= 1928–29 PCHL season =

The 1928–29 PCHL season was the first season of the professional men's ice hockey Pacific Coast Hockey League, a minor professional league with teams in the western United States and western Canada. It consisted of four teams: Vancouver Lions, Seattle Eskimos, Portland Buckaroos and Victoria Cubs.

It was followed by the 1929–30 PCHL season.

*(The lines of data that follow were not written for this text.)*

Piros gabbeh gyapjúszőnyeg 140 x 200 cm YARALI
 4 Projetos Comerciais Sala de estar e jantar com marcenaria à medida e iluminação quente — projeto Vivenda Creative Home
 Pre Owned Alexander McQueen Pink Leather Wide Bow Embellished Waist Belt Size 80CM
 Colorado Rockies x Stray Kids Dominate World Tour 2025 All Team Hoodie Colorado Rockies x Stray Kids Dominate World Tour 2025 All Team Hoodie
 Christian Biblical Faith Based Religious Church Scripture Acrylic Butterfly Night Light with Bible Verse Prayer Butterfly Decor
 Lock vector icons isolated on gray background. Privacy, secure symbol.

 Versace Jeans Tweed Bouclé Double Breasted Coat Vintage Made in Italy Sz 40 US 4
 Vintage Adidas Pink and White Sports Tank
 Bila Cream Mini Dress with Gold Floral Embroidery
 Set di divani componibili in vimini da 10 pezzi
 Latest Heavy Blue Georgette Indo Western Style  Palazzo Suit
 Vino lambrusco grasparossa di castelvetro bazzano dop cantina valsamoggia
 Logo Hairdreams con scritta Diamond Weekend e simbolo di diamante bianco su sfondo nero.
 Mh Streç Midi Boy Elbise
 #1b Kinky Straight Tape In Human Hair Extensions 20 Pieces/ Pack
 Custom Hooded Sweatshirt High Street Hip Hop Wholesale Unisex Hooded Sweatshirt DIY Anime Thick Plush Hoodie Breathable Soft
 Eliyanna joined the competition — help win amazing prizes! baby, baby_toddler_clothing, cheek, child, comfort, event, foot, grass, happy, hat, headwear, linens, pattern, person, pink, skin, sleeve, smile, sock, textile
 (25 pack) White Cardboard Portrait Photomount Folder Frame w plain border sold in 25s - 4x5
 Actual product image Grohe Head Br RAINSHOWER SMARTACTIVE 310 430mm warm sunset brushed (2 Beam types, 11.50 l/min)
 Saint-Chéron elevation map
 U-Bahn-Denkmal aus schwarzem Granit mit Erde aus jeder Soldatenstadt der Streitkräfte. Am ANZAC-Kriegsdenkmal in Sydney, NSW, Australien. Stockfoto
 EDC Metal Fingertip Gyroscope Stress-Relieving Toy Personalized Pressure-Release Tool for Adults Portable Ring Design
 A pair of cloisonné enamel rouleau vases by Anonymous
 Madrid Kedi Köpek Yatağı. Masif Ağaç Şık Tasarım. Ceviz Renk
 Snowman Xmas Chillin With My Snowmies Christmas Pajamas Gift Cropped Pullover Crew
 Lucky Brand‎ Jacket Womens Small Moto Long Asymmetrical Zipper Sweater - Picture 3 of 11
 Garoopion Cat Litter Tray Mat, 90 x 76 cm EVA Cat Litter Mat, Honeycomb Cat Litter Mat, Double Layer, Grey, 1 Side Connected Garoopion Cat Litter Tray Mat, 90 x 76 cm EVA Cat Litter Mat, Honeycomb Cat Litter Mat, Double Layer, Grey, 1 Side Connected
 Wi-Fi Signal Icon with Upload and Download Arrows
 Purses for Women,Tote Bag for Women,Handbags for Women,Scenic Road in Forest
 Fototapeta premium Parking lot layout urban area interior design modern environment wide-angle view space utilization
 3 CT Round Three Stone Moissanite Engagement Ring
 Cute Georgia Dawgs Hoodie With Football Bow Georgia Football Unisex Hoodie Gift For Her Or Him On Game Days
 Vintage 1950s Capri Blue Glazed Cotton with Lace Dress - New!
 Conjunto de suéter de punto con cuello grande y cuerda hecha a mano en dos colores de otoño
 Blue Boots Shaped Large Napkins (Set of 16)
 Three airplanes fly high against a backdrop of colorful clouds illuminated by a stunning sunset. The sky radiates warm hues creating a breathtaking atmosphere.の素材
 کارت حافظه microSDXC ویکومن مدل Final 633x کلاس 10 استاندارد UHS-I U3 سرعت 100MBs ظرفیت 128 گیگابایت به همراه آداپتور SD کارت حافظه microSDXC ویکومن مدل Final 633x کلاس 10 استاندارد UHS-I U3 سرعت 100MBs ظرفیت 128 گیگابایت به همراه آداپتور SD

The season ran 36 games and the two best teams in the league standings met in a best-of-five playoff format series for league championship honors.

==Teams==

1928–29 Pacific Coast Hockey League
| Team | City | Arena | Capacity |
| Portland Buckaroos | Portland, Oregon | Portland Ice Arena | 2,000 |
| Seattle Eskimos | Seattle, Washington | Civic Ice Arena | 4,000 |
| Vancouver Lions | Vancouver, British Columbia | Denman Arena | 10,500 |
| Victoria Cubs | Victoria, British Columbia | Patrick Arena | 4,000 |

== Final standings ==
Note: W = Wins, L = Losses, T = Ties, GF= Goals For, GA = Goals Against

Teams that qualified for the playoffs are highlighted in bold

| Pacific Coast Hockey League | GP | W | L | T | GF | GA |
|---|---|---|---|---|---|---|
| Vancouver Lions | 36 | 25 | 8 | 3 | 87 | 54 |
| Seattle Eskimos | 36 | 17 | 17 | 2 | 75 | 76 |
| Portland Buckaroos | 36 | 14 | 17 | 5 | 66 | 71 |
| Victoria Cubs | 36 | 8 | 22 | 6 | 60 | 87 |

Source:

==Playoffs==
Vancouver Lions defeated Seattle Eskimos 3 games to 0 (2-0, 3–1, 4-2).